#### WHAT IS NEEDED:
In the material below, find the line with "Monitor Hp 527sw 27 100Hz" and the line with "44 Goldsboro Street". Output exactly those two lines and all lines between them, leaving out pictures.

#### RECORD SET:

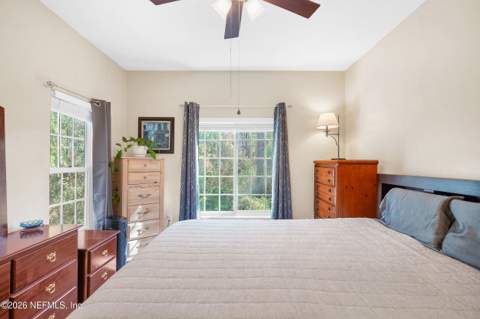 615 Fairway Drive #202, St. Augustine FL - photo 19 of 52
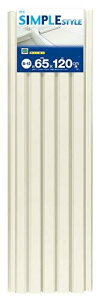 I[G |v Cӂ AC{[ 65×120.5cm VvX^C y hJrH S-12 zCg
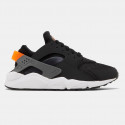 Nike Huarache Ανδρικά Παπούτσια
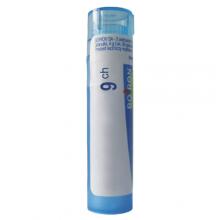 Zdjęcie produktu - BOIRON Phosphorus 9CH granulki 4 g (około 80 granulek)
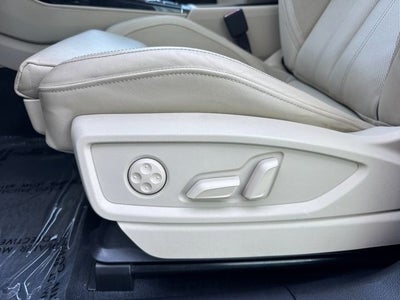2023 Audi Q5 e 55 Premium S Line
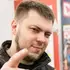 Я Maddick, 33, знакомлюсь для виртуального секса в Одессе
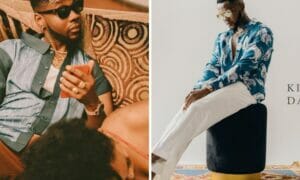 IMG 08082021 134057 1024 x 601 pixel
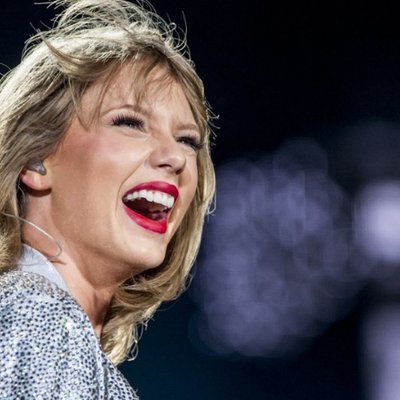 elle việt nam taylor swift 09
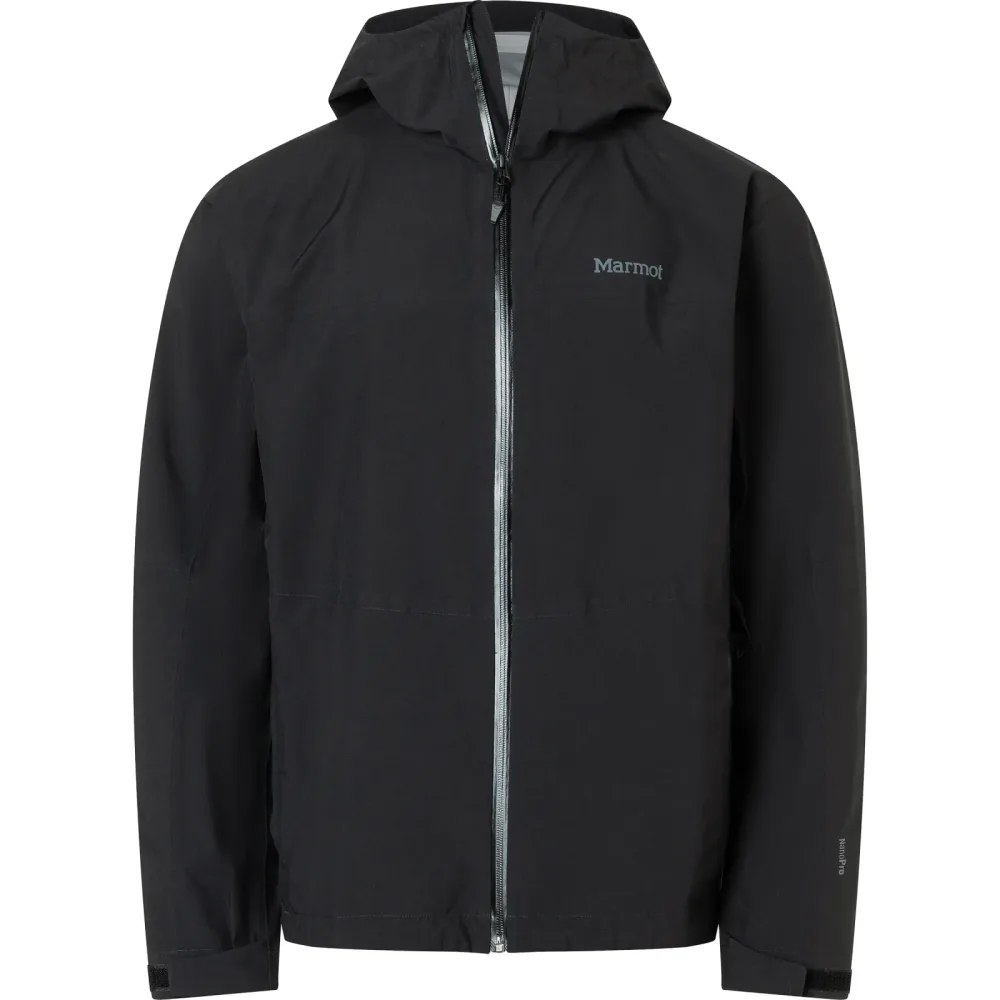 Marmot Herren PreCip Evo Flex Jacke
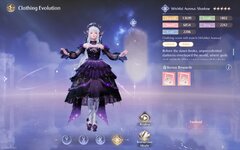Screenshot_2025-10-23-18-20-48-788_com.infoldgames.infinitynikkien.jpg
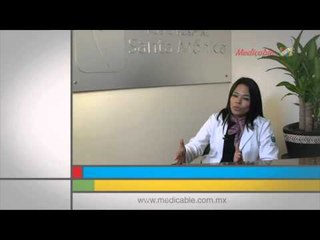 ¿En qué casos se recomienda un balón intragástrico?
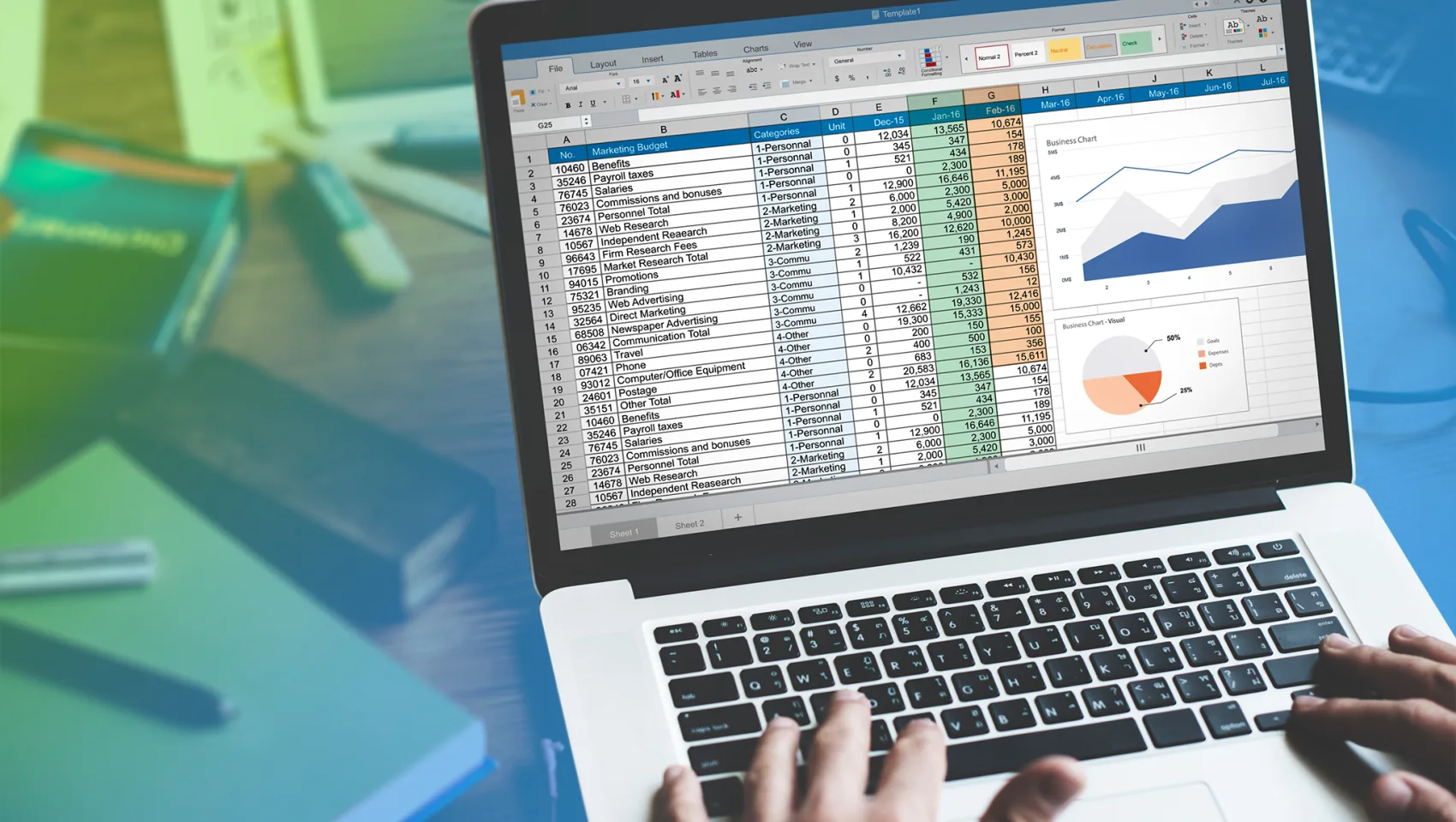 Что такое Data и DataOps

---

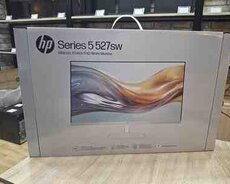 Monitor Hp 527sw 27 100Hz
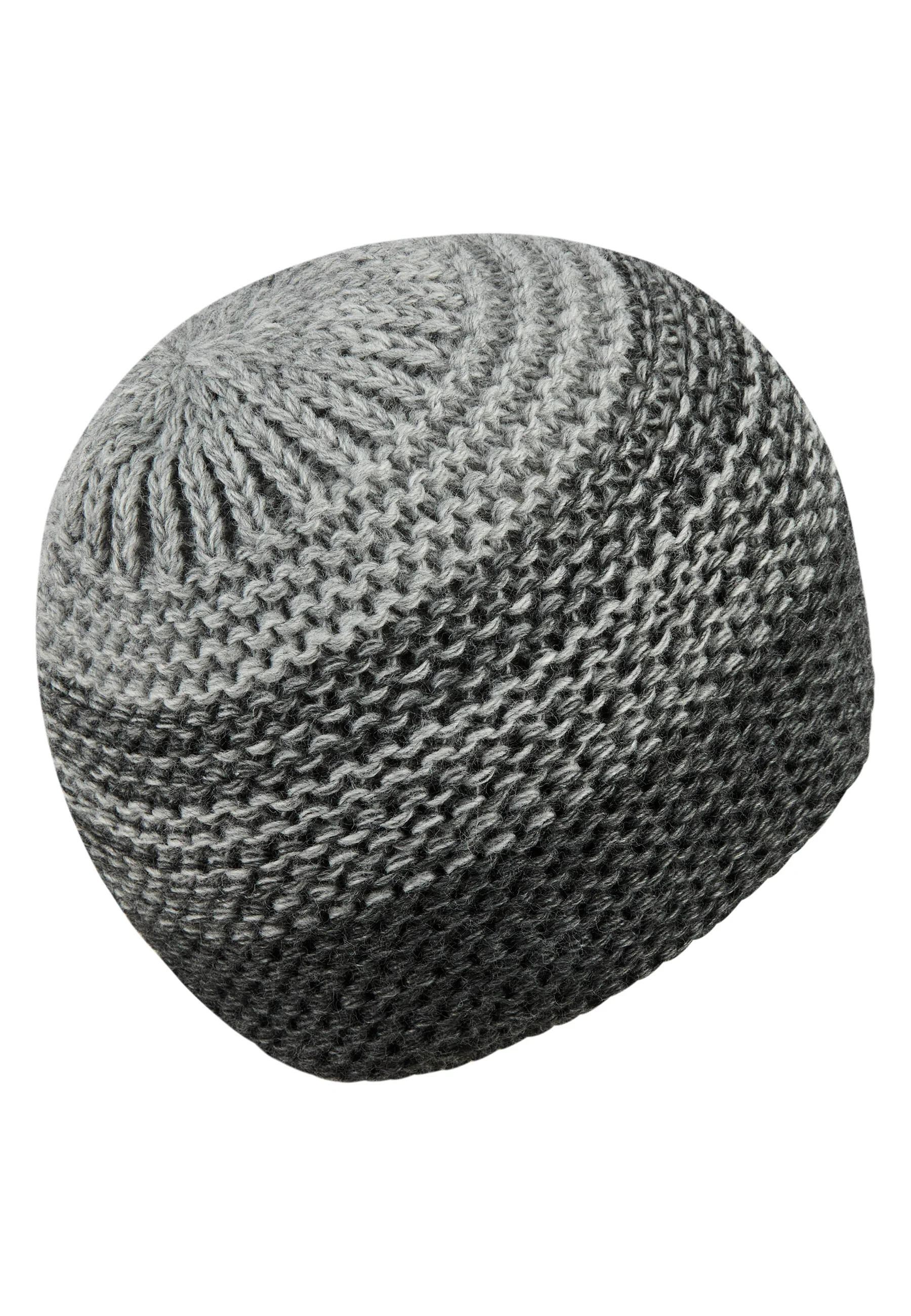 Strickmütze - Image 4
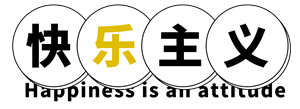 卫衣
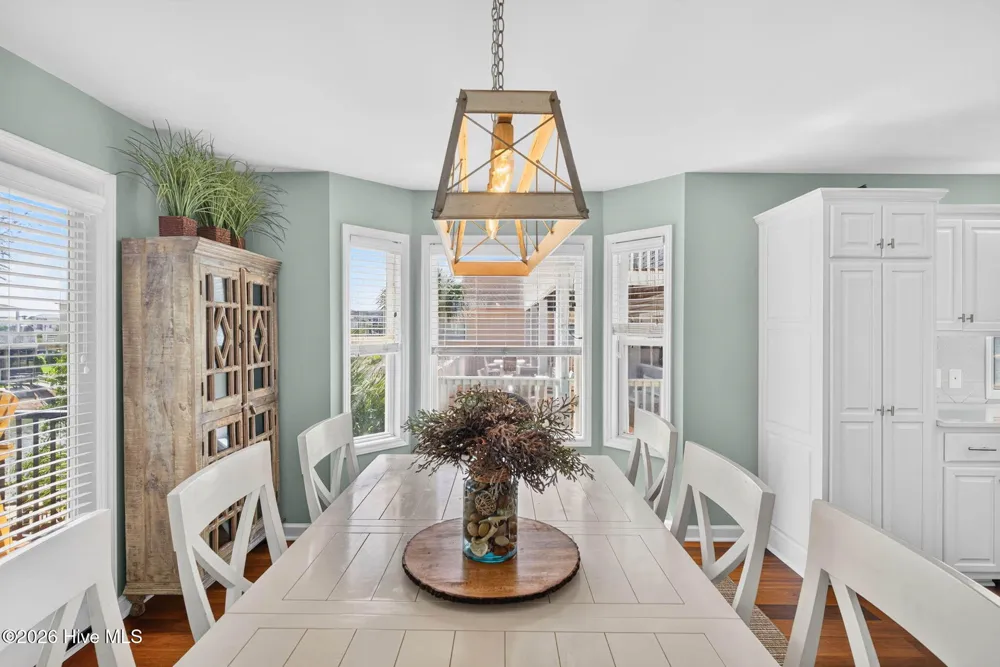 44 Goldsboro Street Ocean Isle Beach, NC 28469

#### TASK RESPONSE:
 Monitor Hp 527sw 27 100Hz
 Strickmütze - Image 4
 卫衣
 44 Goldsboro Street Ocean Isle Beach, NC 28469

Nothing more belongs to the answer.